I am having trouble working out a way to improve this query.
The problem is the group by object_id as there are about half as many object_ids as rows in the table.
The aim of the query is to count the number of objects that were accessed per person, where only the most recent person to access the object gets counted.
select person_id, count(id)
from (select id, person_id from events group by object_id) as subquery
group by person_id;
The query takes just over 2 minutes with about 1 million events.
Below is the create statement for the event table.
create table events(
id int not null auto_increment,
object_id int not null,
person_id int not null,
primary key(id),
index(object_id),
index(person_id)
) ENGINE=InnoDB;
To recreate this I used the following:
create table numbers(i int unsigned not null);
insert into numbers(i) values (0), (1), (2), (3), (4), (5), (6), (7), (8), (9);
insert into numbers(i) select a.i * b.i * c.i from numbers as a cross join numbers as b cross join numbers as c;
insert into events(object_id, person_id)
select
floor((select count(i) from numbers) / 2 * rand()),
floor(10 * rand())
from numbers as a
cross join numbers as b;
Query OK, 1020100 rows affected (4 min 2.54 sec)

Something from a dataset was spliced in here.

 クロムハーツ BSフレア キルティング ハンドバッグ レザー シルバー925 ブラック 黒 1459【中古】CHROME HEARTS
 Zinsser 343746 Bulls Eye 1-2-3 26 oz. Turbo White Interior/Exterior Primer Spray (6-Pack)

select person_id, count(id)
from (select id, person_id from events group by object_id) as subquery
group by person_id;
+-----------+-----------+
| person_id | count(id) |
+-----------+-----------+
| 0 | 52 |
| 1 | 54 |
| 2 | 44 |
| 3 | 44 |
| 4 | 47 |
| 5 | 43 |
| 6 | 48 |
| 7 | 56 |
| 8 | 61 |
| 9 | 56 |
+-----------+-----------+
10 rows in set (2 min 15.38 sec)
Any help improving this would be much appreciated.